Idaho Labor Market. Idaho’s unemployment rate is holding steady at about 3.8 percent.

Idaho’s nonfarm payrolls remained fairly stable. The strongest gains occurred in construction, financial activities, other services, and information. The state’s seasonally adjusted nonfarm employment has grown 3.3 percent since last year. Compared to a year ago, Idaho has added 22,000 jobs to the economy, with the current employment level registering at 781,400. The United States’ unemployment rate held steady at 4.9 percent.

With strong job growth, sustained demand for workers, and a growing number of Idahoans looking for work, Idaho is the number one state in the nation for year-over-year job growth—and it has been for six additional months this year. The Idaho Department of Labor recently published projections for Idaho’s labor market: employment is expected to grow in all categories except mining, in which only minor losses are expected. Broad employment growth suggests economic health that is both sustainable and shared by a wide variety of Idaho careers.

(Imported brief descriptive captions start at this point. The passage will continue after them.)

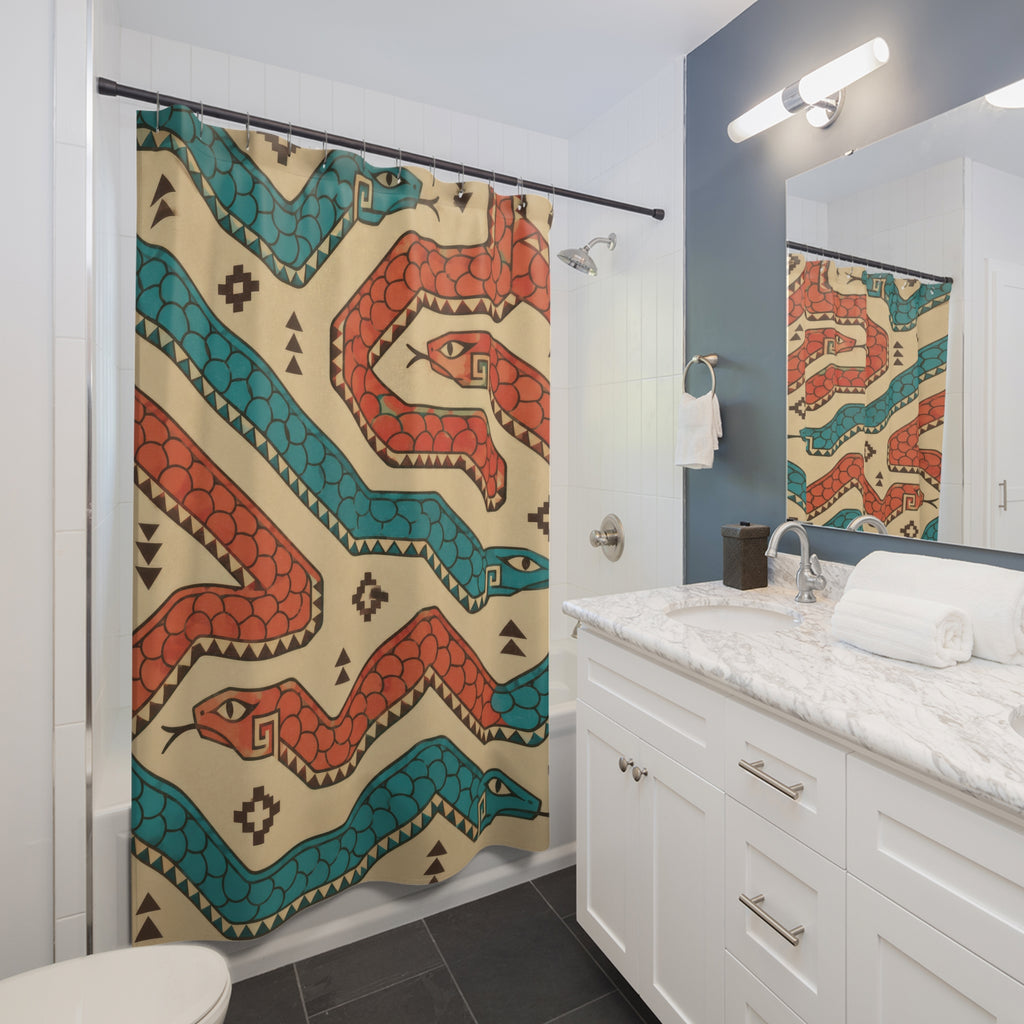 Coral and turquoise serpents on sand shower curtain beside a white vanity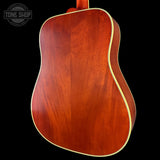 Back view of a wooden acoustic guitar with 'Tone Shop' logo in the corner.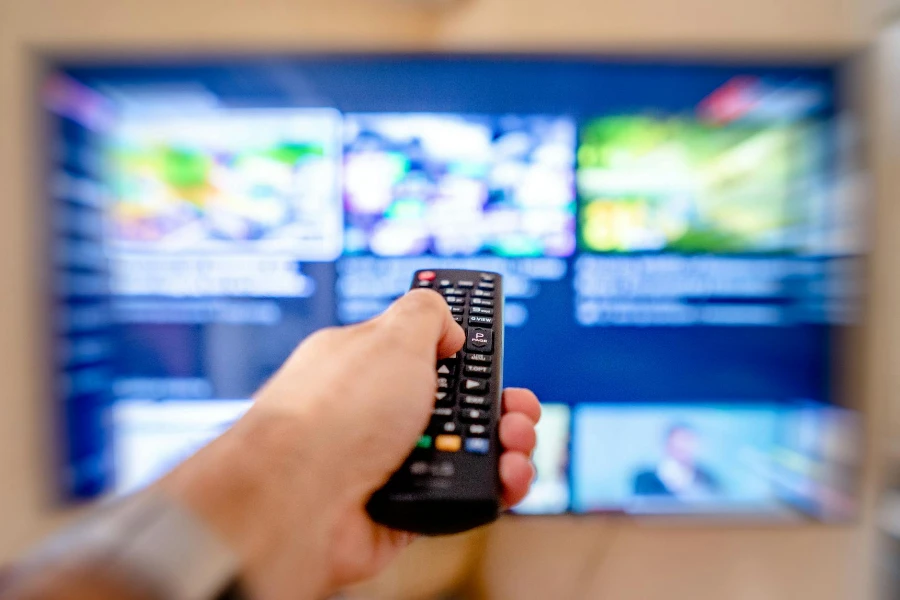 A Close-Up Shot of a Person Using a TV Remote Controller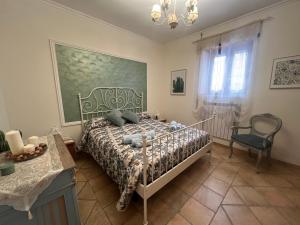 a bedroom with a bed and a chair in it at Rhome country lodge in La Massimina-Casal Lumbroso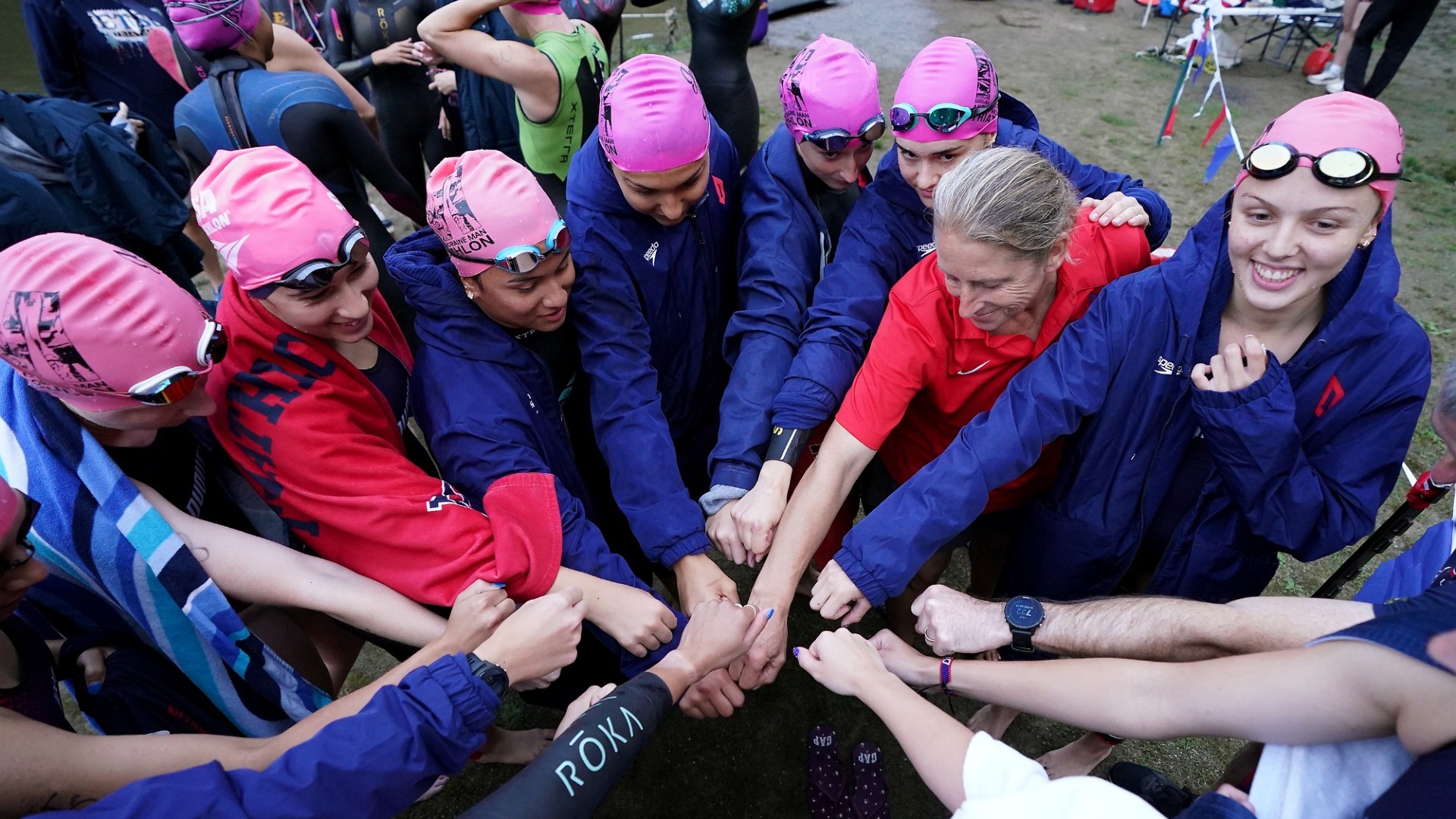 Triathlon team huddle before 2026 Duquesne Invitational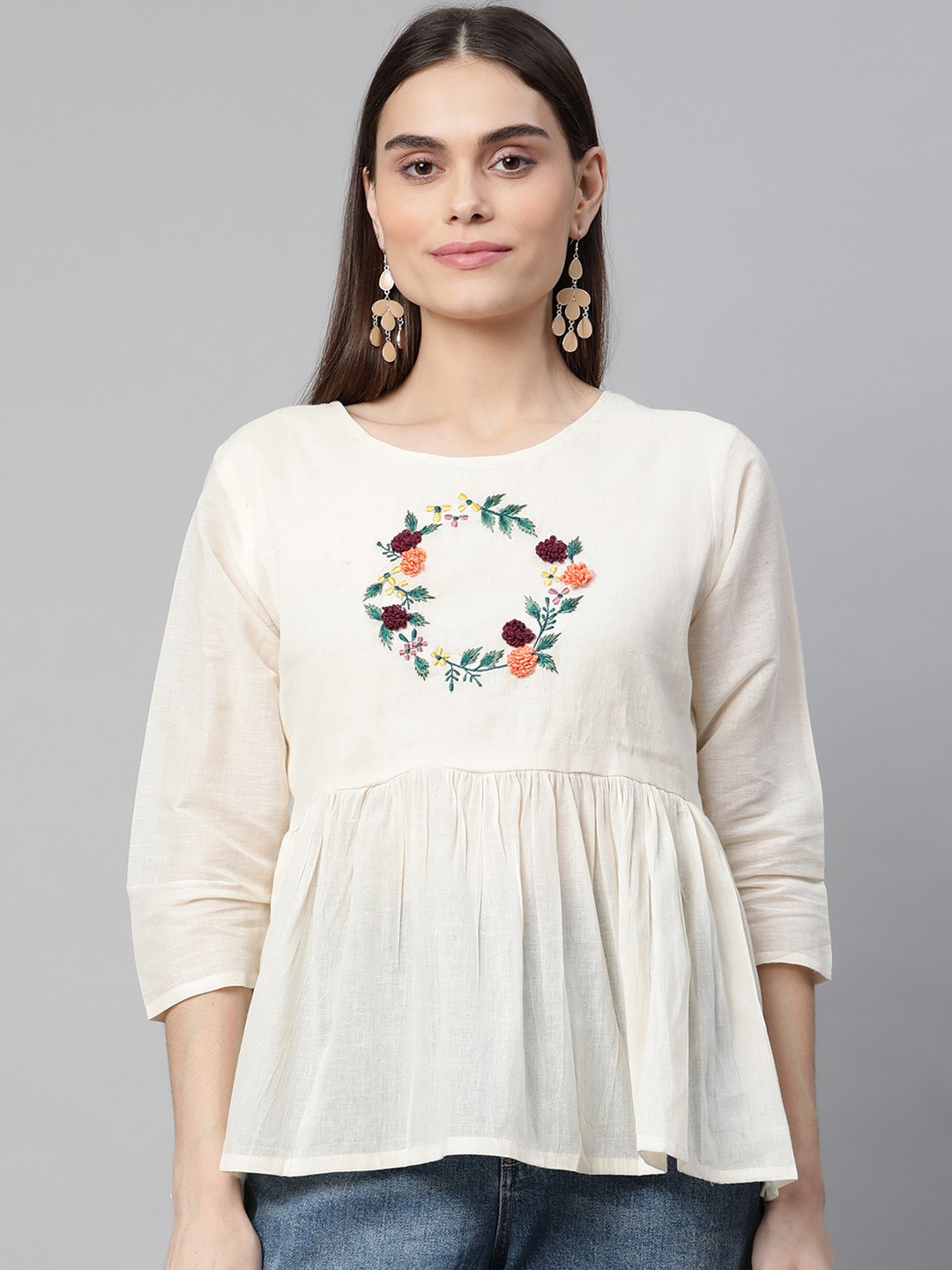

Aarika Off White Pure Cotton Floral Embroidered A-line Top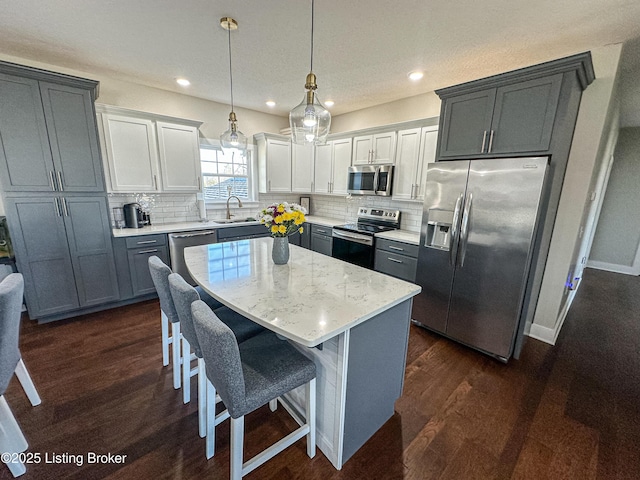 kitchen featuring dark wood finished floors, decorative backsplash, appliances with stainless steel finishes, a kitchen island, and a kitchen bar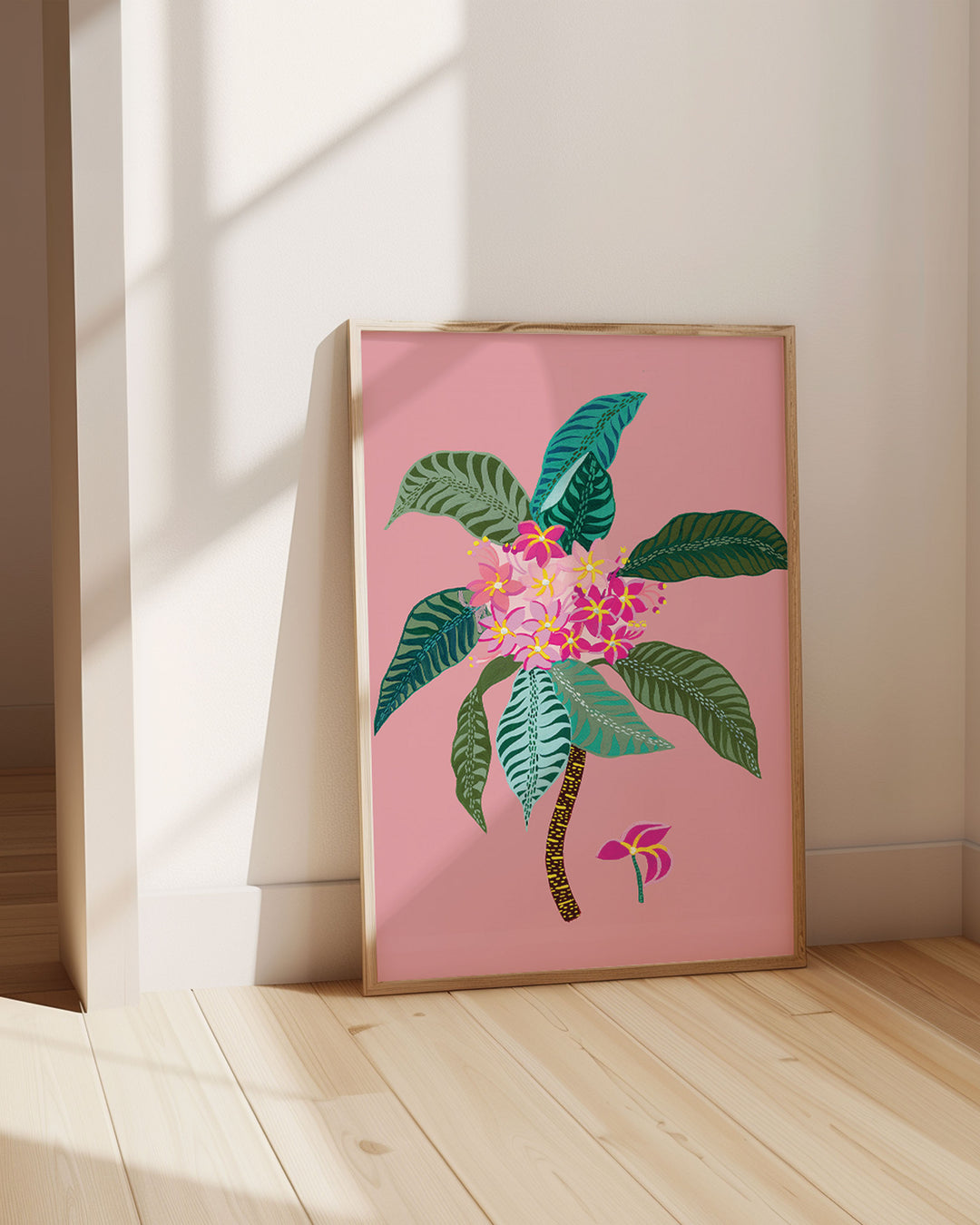 Framed Artwork titled 'Tropical Bloom', featuring vivid floral patterns set against a soft pink background in a sun-lit room.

U.S. Short-Term Outlook. Registering an uptick from the previous estimate, the third and final estimate of second-quarter U.S. GDP growth increased from an annualized 1.1-percent to 1.4-percent growth rate. The major difference between the second and third estimates was an increase in nonresidential fixed investment, or spending on plants and equipment; in the second estimate, nonresidential fixed investment had decreased. Other increases in the second quarter included personal consumption expenditures and exports. Based on preliminary data, some economists estimate that third-quarter growth could reach 3 percent, which would be a much-needed increase from 1.1-percent growth during the first half of the year.

Notwithstanding the more positive numbers, in the week that followed the release of the GDP growth estimate, the International Monetary Fund downgraded its forecast for U.S. economic growth from 2.2 percent to 1.6 percent. The forecast for the global economy remained unchanged at 3.1 percent. Although developed economies have grown more slowly than historic rates (the U.S. economy included), developing and emerging nations have grown more quickly than expected.

Despite talk all year that the Fed would gradually increase interest rates, the Federal Open Market Committee did not vote to raise interest rates in September. However, several policy makers dissented from the overall decision, favoring a quarter-percent interest rate hike. Pressure to raise rates has grown throughout the year as labor market and housing market numbers have registered increases, indicating that the economy is getting stronger. Economists have been hesitant to raise rates, however, because other economic indicators have not exhibited strong growth. It remains possible that the Fed will raise rates either in November or December, making good on their December 2015 statement that rates would climb in 2016.

After two and a half years of an oil glut, OPEC finally agreed to scale back oil production during an informal meeting in September. Details will be determined at their formal meeting in November. The extent of the effect of OPEC’s oil production cut back is uncertain at this point because there are more oil-producing countries contributing to the market now than there were the last time OPEC cut production, lessening its impact on overall oil prices. After the decision was announced, however, oil prices rose. It is possible that the cut in production will raise prices sufficiently to encourage more investment in oil in the United States, thus boosting the engineering and manufacturing industries.

U.S. Long-Term Outlook. The current unpopularity of trade deals, both in the United States and globally, has the potential to affect the long-term U.S. economic outlook by preventing future trade deals and agreements designed to increase Americans’ access to goods from around the world. Although caution is always wise, trade liberalization leads to a benefit averaging 43 cents per person per month in America—it may not sound like much initially, but this number adds up quickly.

In late September, the World Trade Organization (WTO) forecast for the first time in fifteen years that global trade growth would not keep pace this year with global GDP. There are many trade partnerships in place throughout the world, but recent agreements are facing some hurdles. In particular, the Trans-Pacific Partnership (TPP), signed in February, has seen recent opposition.

In a world where consumers will pay for authentic Colombian coffee and Swiss Gruyere cheese, trade partnerships have made foreign items more accessible. Trade partnerships prevent national governments from imposing high tariffs that increase the prices of foreign goods. The arguments against free trade claim that free trade hurts American companies, particularly manufacturing. Opponents of free trade feel that because items manufactured outside the United States can often be produced more cheaply, trade gives companies greater incentive to outsource or move operations off shore.